* **Aim of the task**
Lines before the one containing "Polyclonal Antibody to" are left out; return that line and all lines after it, exactly, through the end of the records below.

* **Material supplied**
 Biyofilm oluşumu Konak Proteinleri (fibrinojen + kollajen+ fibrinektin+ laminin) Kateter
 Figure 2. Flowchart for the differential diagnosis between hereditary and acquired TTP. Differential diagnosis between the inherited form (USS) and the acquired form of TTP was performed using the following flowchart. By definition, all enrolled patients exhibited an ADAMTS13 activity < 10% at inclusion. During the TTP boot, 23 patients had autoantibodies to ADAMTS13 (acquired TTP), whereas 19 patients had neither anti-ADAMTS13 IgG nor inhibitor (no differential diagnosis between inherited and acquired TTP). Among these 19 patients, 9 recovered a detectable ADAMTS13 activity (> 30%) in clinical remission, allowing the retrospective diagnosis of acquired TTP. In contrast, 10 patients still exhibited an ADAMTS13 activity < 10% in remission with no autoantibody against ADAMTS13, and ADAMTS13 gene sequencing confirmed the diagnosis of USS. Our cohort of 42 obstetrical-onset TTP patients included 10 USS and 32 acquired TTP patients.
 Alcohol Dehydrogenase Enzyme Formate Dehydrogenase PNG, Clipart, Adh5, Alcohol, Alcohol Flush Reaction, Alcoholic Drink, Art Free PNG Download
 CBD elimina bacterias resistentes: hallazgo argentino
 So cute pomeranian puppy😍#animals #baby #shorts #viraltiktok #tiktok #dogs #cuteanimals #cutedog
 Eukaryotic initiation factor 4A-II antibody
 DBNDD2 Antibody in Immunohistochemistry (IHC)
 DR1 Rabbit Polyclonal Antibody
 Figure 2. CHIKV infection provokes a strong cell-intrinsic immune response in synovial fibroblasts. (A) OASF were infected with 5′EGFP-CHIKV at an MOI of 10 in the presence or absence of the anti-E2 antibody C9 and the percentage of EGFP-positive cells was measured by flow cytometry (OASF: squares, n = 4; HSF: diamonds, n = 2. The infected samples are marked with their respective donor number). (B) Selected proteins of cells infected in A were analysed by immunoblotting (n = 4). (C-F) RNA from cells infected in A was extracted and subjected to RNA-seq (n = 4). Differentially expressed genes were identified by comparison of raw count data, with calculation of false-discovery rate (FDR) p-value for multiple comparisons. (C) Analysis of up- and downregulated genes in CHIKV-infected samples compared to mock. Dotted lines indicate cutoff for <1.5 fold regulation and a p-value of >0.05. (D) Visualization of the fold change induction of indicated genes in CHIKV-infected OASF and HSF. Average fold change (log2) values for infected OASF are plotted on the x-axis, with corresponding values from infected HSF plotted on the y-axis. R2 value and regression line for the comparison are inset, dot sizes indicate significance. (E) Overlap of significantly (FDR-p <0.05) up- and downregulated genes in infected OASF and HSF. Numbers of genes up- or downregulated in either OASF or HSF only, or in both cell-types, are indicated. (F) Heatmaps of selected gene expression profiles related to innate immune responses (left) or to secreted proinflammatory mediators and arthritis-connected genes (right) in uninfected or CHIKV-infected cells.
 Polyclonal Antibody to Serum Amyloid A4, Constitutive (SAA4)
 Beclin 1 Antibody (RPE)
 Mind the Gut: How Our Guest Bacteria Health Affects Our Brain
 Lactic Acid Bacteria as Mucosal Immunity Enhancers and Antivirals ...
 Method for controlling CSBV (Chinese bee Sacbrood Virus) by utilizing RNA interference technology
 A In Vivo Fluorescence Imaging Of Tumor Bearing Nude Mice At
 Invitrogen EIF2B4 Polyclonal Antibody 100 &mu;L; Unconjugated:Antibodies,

* **Task response**
 Polyclonal Antibody to Serum Amyloid A4, Constitutive (SAA4)
 Beclin 1 Antibody (RPE)
 Mind the Gut: How Our Guest Bacteria Health Affects Our Brain
 Lactic Acid Bacteria as Mucosal Immunity Enhancers and Antivirals ...
 Method for controlling CSBV (Chinese bee Sacbrood Virus) by utilizing RNA interference technology
 A In Vivo Fluorescence Imaging Of Tumor Bearing Nude Mice At
 Invitrogen EIF2B4 Polyclonal Antibody 100 &mu;L; Unconjugated:Antibodies,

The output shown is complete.